Once you have a node list, you can apply a function on it to extract the node. A function of type xmlValue or xmlGetAttr .... For example:
x <- xpathApply(y, "//table/tr") sapply(x,xmlValue) ## it a list of nodes.. " Test1.1 Test1.2 " " Test1.3 Test1.4 "
Which is equivalent:
xpathSApply(y,"//table/tr",xmlValue) " Test1.1 Test1.2 " " Test1.3 Test1.4 "
EDIT
I am sure your question can be resolved with the correct xpath.
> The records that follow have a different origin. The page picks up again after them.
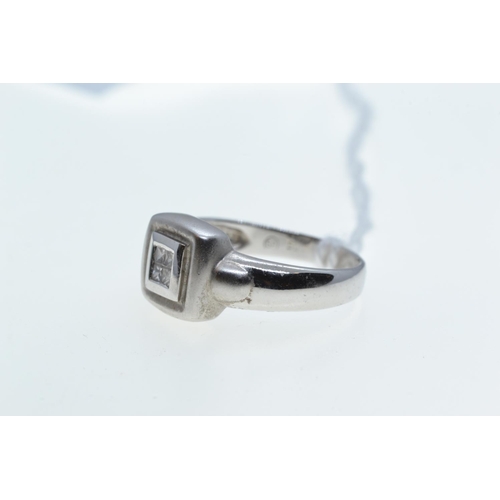 94 - 14ct white gold & diamond ring, size O1/2, 4.12 grams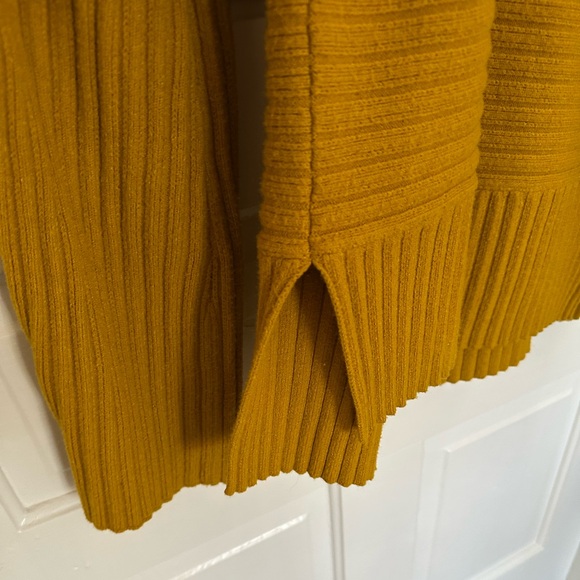 Moth by Anthropologie mustard yellow women’s cowl neck sz XL sweater 23” P2P - Picture 3 of 6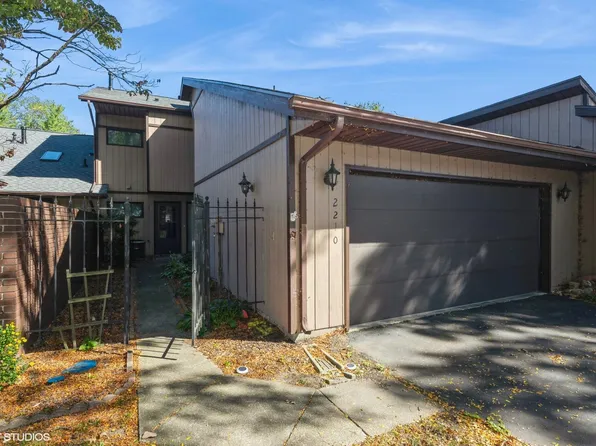 2210 Bayview Dr, Michigan City, IN 46360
You must learn to work with xml files when working with a database. xpath is just like sql query. it's fast, and many browsers can help you create the correct xpath.
For instance:
xpathSApply(y,"//table/tr[2]/td[1]",xmlValue) # second tr and first td [1] " Test1.3 " xpathSApply(y,"//table/tr[2]/td[3]",xmlValue) # second tr and third td
EDIT
OP looks if it wants to replicate the XML structure (get tr and td in the same order)
here is the way, I don't think this is a more efficient way ...
nn.trs <- length(xpathSApply(y,"//table/tr",I)) lapply(seq(nn.trs),function(i){ xpathSApply(y,paste("//table/tr[",i,"]/td",sep=''),xmlValue) }) [[1]] [1] " Test1.1 " " Test1.2 " [[2]] [1] " Test1.3 " " Test1.4 "
If, if the number td is the same for each tr, you can replace lapply with sapply , and you get:
[,1] [,2] [1,] " Test1.1 " " Test1.3 " [2,] " Test1.2 " " Test1.4 "
But I think readHtmlTable is better in this case.